Could these repetitive sequences do anything useful? Yes, to a small degree, and we even have examples of it…unfortunately, every time someone finds a rare example of a functional piece of repetitive DNA, the ignoramuses rhapsodize about how this demonstrates it could all be useful. No, it doesn’t.

For example, one role of some junk could be in position effects. We know that if a useful gene is located next to a chunk of inactivated DNA, its expression may be downregulated to some degree — it’s a kind of spillover of a passive effect of living next to a junkyard.

Since some of these junk DNA sequences are retrotransposons that insert themselves arbitrarily into the genome, they can also be a source of mutations; some may even find portions of their sequence incorporated into the product of a functional gene. An evolutionary biologist can see this as a possibly, rarely fruitful contribute to genetic diversity, but it should give no comfort to creationists, who don’t much care for chance insertions and random variation.

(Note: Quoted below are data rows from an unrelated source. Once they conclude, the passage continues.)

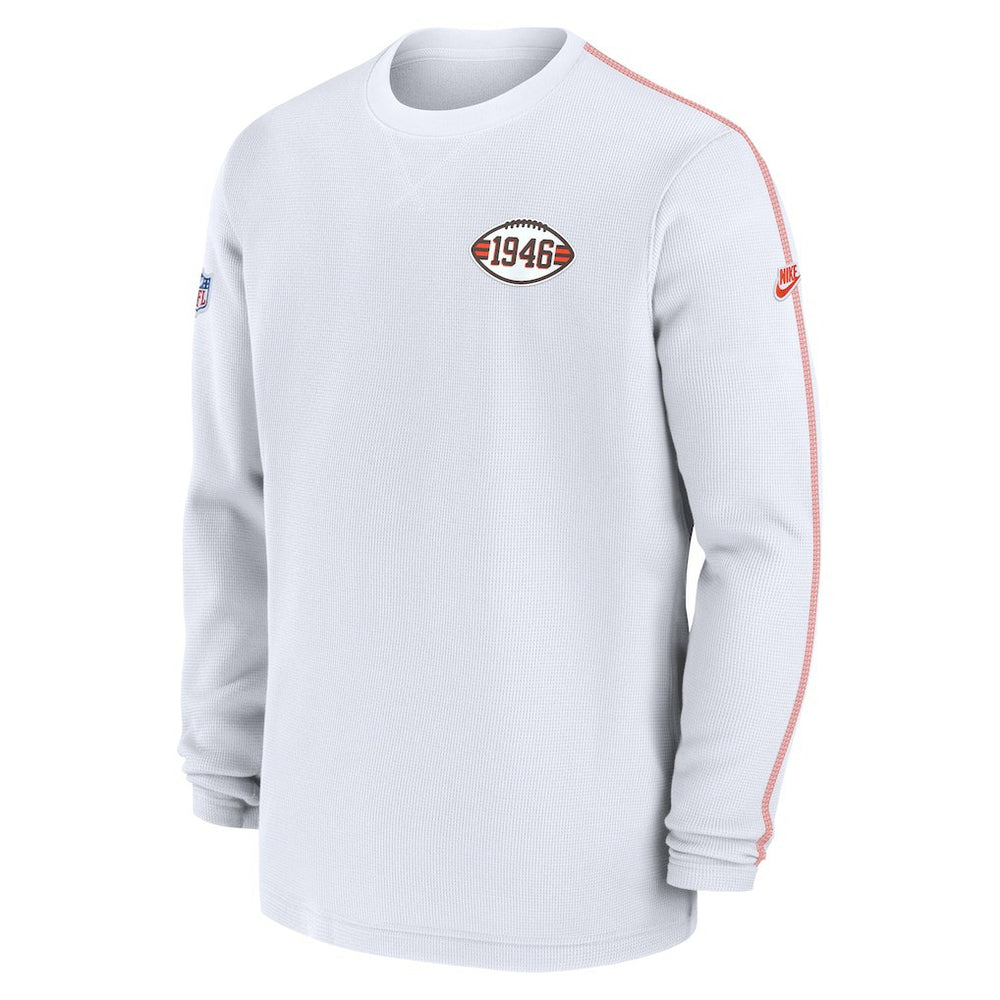 Cleveland Browns Alternate Logo Coach Long Sleeve Top - White | Nike outlet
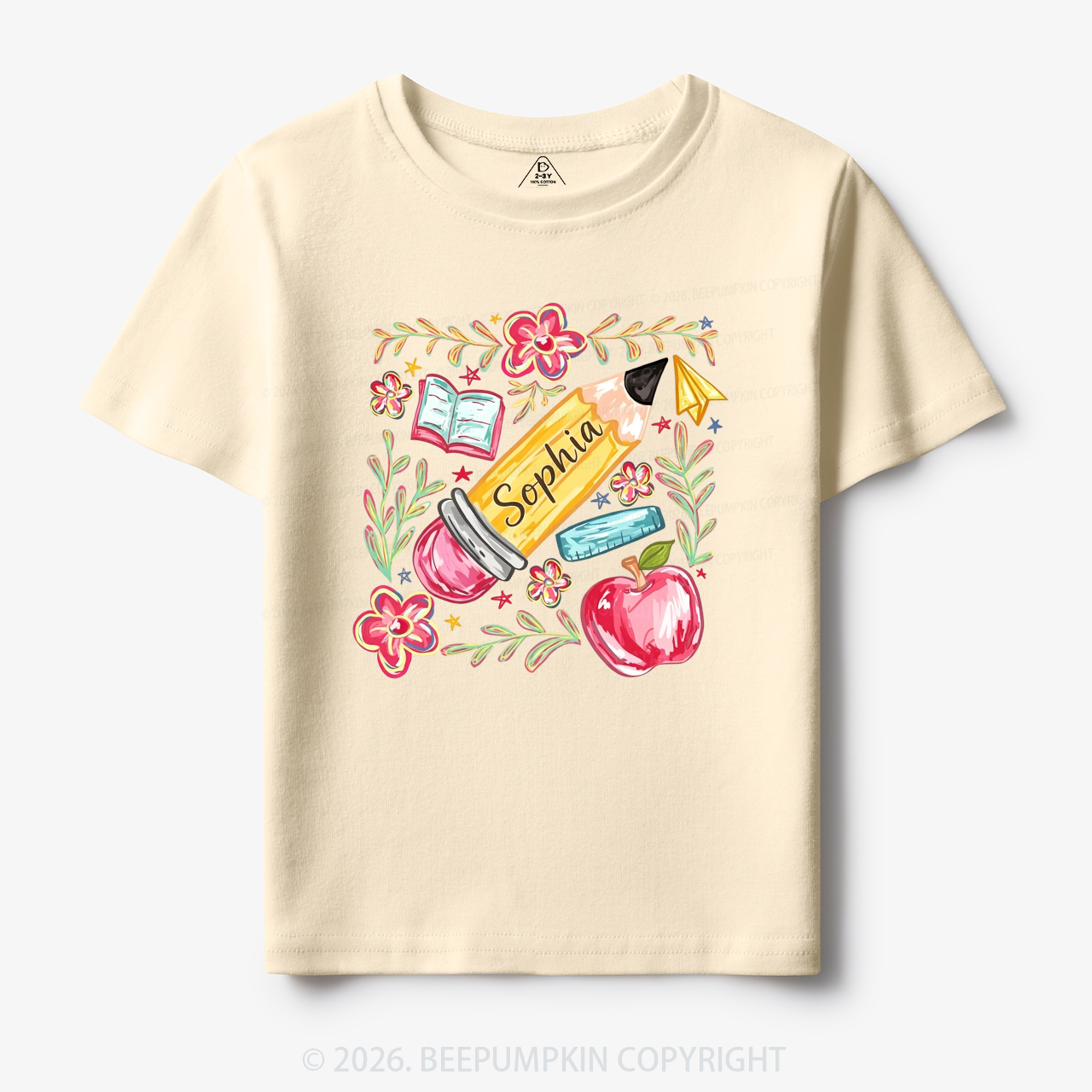 Personalized Name Floral Pencil Toddler&Kid's Tees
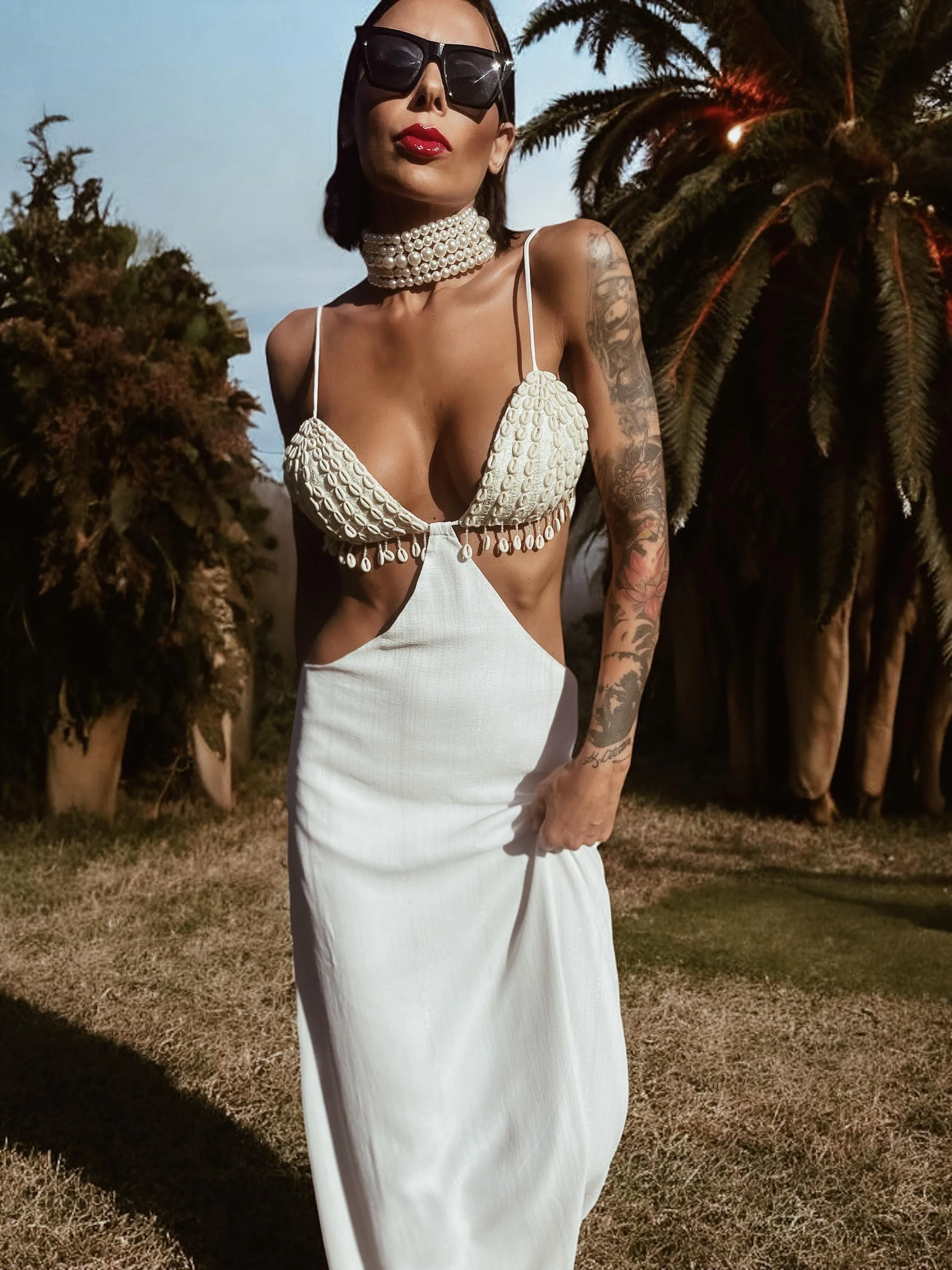 Boho Beach Fringe Wedding Gown Bachelorette Party Dress Honeymoon Dress Tulum Vacation Dress Western Gypsy Bohemian Festival Goddess Dress
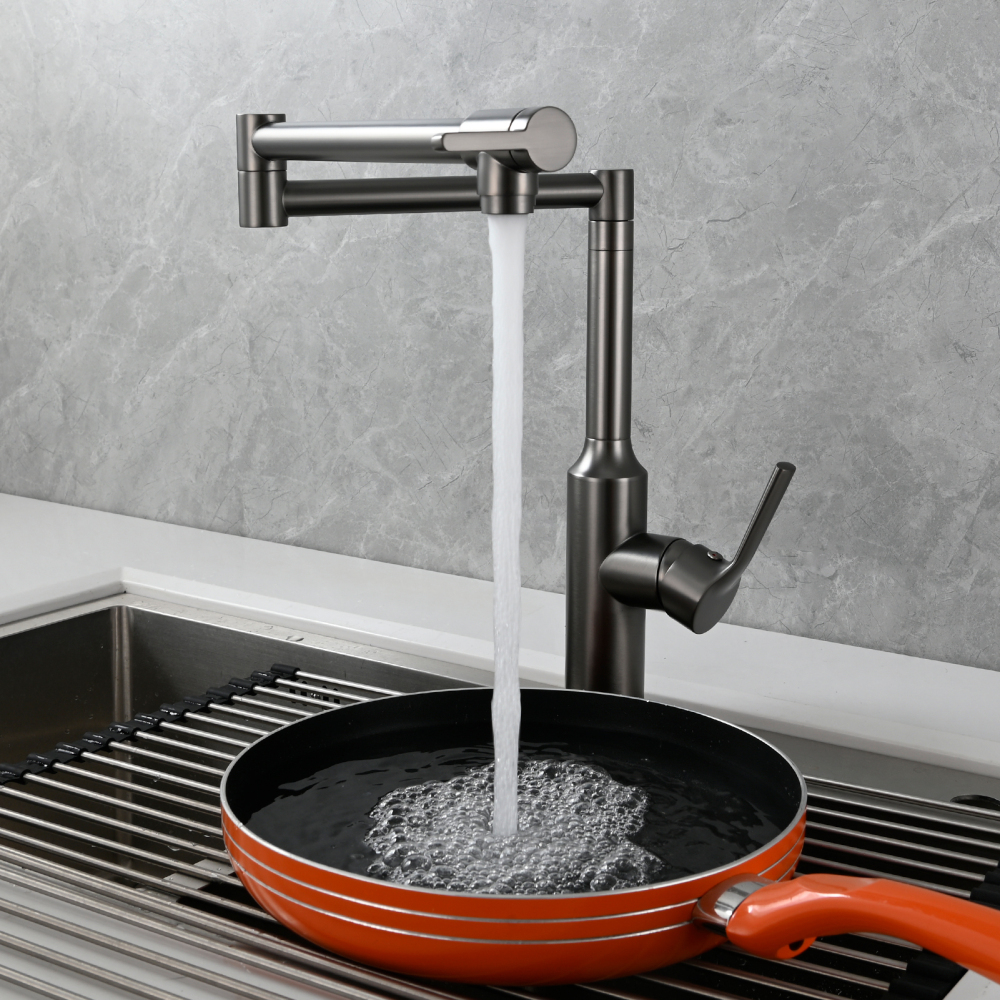 Tecmolog Brass Hot and Cold Folding Fucet,Smooth Handle Deck Mount Faucet for Kitchen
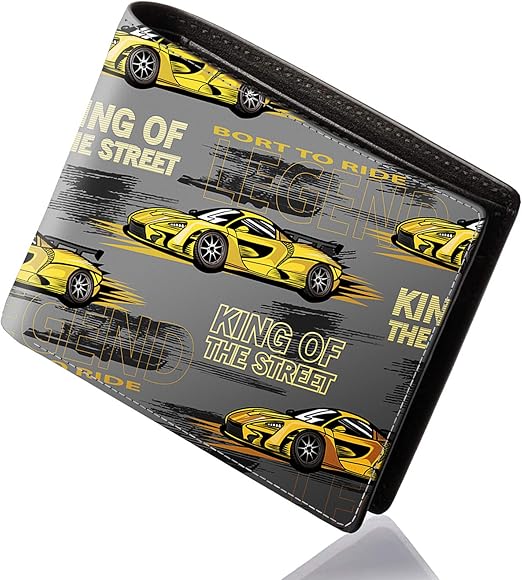 Cool Wallet for Boys - Teen Boys Wallet Car Print Thin Slim Leather Bi-Fold Rfid Blocking Zipper Purse with Coin Pocket ID Window Cash Holder Black for Teens Youth Guys Male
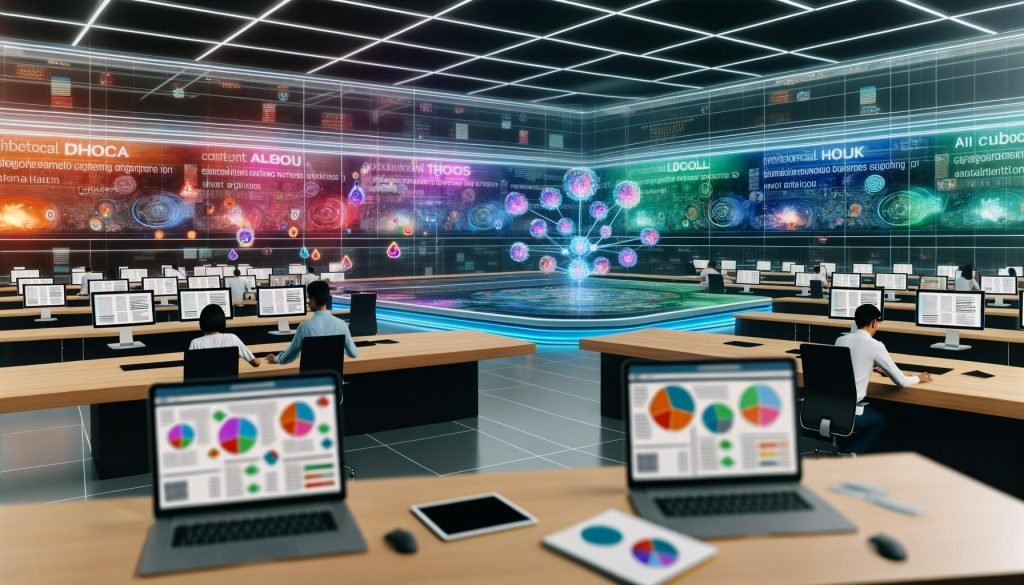 Futuristischer Newsroom mit modernen Schreibtischen, transparenten Bildschirmen, Datenvisualisierungen, KI-Clustern und einem zentralen Hologramm, das Themenkreise zeigt.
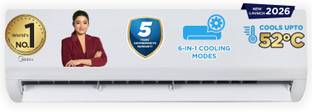 Midea 2026 Model 1 Ton 3 Star Split Inverter Convertible 6-in-1 with Auto Intelligence,Turbo Mode for ...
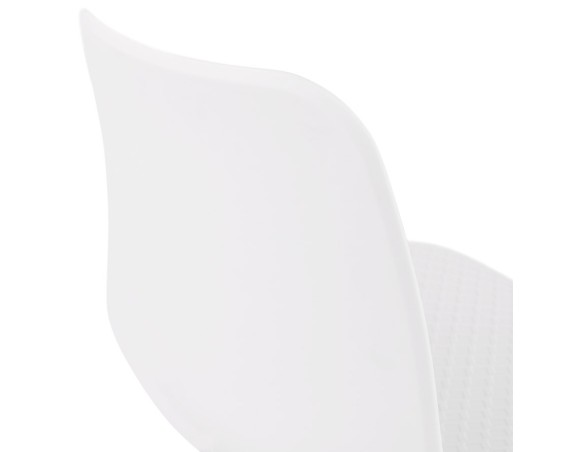 Chaise moderne EXPO blanche avec pieds en métal blanc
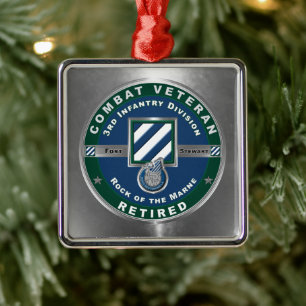 3rd ID Infantry Division Christmas Retired Metal Ornament
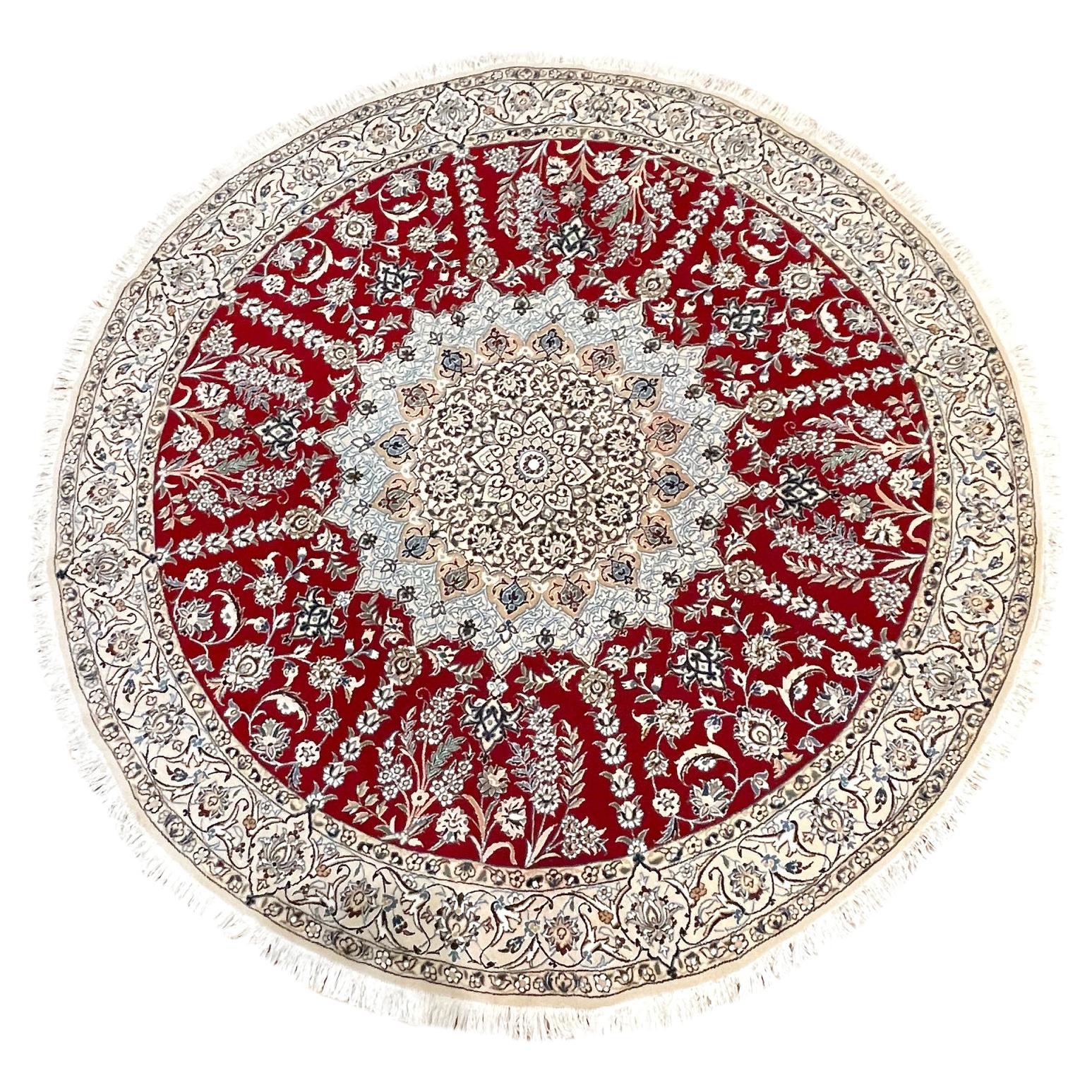 Persian Hand Knotted Medallion Floral Cream Red Nain Round Rug  For Sale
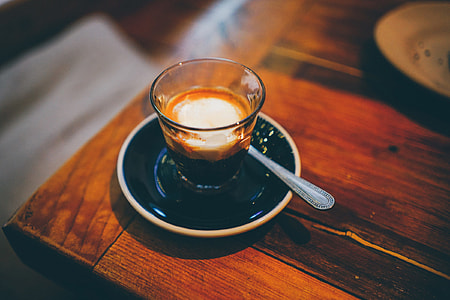 Coffee on a table in a cafe thumbnail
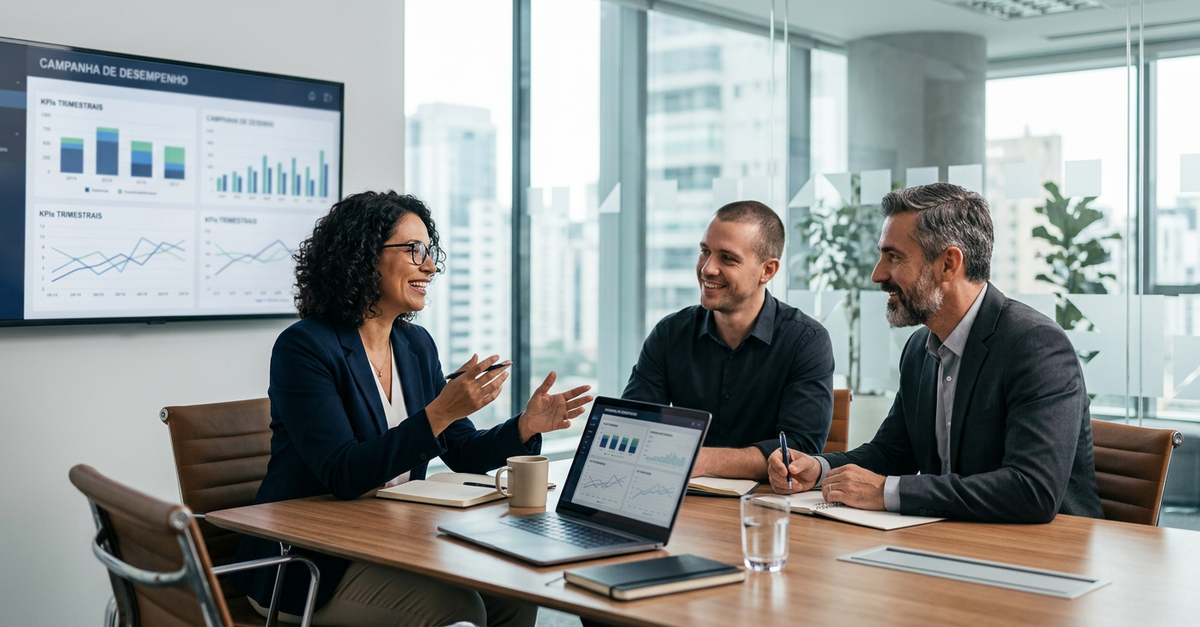 Reunião de vendas B2B resultante de estratégia de marketing digital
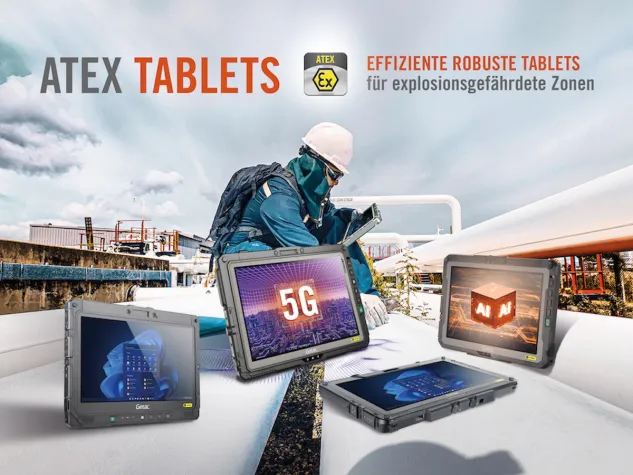 GETAC ERWEITERT SEIN ROBUSTES EX-PORTFOLIO: NEUES UX10-EX TABLET FÜR EXPLOSIONSGEFÄHRDETE UMGEBUNGEN Bild: GETAC ERWEITERT SEIN ROBUSTES EX-PORTFOLIO: NEUES UX10-EX TABLET FÜR EXPLOSIONSGEFÄHRDETE UMGEBUNGEN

There are other uses for some junk. There are structural regions of the chromosome, such as the area around the centromere, that are devoid of genes but just contain many repeats of short, untranscribed sequences. These are a kind of generic handle for proteins to glom onto, and contribute in a general way to how the chromosome works in the cell. There is also a general property of cell growth, that one of the triggers for cell division is the ratio of nuclear to cytoplasmic volume, so puffing up the genome with lots of extraneous nucleotides can lead to larger cells. Both of these functions, though, are not very sequence dependent — so sure, you could say they have a rough, general role: they are the plastic boxes and styrofoam packing peanuts of the functional elements of the genome. They may do something, but it’s not specific, and it’s not particularly dependent on the code.

Junk DNA isn’t merely stuff that we don’t understand. It’s stuff that we know something about, and know how it fits into the ecosystem of the cell, and that we call junk because we know what it does — it mainly sits up in the attic, garage, and basement, gathering dust and taking up space.

Mr Stimpson: go read a decent molecular biology and genetics book, and stop relying on your irrelevant software manuals and the dishonest and ignorant pratings of your fellow creationists.